### Assignment
I would like every line of the records below that contains the word "Amber" copied.

### Material provided
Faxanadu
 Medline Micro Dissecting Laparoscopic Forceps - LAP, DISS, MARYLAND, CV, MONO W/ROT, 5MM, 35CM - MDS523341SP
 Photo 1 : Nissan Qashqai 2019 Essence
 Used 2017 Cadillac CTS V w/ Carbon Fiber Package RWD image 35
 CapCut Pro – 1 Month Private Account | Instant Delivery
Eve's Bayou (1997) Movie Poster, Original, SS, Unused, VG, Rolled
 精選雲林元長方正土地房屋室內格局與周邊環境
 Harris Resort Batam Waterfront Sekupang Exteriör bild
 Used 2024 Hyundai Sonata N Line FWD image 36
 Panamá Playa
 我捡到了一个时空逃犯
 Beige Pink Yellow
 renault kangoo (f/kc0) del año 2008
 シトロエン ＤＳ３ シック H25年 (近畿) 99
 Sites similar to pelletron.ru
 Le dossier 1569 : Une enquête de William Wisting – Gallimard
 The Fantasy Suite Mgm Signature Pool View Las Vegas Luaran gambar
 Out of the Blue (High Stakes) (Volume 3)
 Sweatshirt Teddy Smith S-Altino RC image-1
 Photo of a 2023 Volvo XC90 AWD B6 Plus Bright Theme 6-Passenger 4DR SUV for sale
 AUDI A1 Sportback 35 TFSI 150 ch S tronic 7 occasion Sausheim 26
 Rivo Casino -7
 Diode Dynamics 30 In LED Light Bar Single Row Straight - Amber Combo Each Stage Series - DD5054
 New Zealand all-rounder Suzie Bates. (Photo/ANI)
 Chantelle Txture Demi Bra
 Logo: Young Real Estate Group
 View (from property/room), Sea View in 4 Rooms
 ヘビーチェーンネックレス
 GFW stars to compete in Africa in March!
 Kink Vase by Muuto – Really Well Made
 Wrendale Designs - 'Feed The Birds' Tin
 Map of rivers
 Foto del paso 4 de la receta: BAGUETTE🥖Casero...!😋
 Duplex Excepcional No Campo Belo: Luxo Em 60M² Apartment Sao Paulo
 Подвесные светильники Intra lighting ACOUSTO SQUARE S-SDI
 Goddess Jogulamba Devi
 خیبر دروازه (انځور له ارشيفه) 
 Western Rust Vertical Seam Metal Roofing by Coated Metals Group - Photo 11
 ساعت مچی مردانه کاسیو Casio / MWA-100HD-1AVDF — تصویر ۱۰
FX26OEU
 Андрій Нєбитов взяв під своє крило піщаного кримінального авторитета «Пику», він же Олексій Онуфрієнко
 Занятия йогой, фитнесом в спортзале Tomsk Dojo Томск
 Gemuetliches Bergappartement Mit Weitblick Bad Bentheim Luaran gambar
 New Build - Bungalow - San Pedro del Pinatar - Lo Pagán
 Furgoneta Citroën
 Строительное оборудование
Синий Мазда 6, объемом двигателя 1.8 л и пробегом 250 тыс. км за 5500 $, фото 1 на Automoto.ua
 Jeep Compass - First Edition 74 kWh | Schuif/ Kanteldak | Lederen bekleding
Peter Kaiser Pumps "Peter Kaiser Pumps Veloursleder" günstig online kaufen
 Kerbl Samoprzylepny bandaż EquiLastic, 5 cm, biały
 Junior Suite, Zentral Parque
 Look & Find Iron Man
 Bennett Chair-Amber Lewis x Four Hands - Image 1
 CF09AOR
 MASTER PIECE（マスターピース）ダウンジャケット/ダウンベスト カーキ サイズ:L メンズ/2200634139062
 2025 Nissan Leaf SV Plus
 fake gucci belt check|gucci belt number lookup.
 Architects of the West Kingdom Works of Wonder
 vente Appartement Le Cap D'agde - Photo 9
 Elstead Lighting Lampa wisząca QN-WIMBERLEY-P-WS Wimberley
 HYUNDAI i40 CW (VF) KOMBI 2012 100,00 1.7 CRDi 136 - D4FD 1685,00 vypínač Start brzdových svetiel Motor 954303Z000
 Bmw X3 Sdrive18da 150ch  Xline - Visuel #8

### Written response
 Diode Dynamics 30 In LED Light Bar Single Row Straight - Amber Combo Each Stage Series - DD5054
 Bennett Chair-Amber Lewis x Four Hands - Image 1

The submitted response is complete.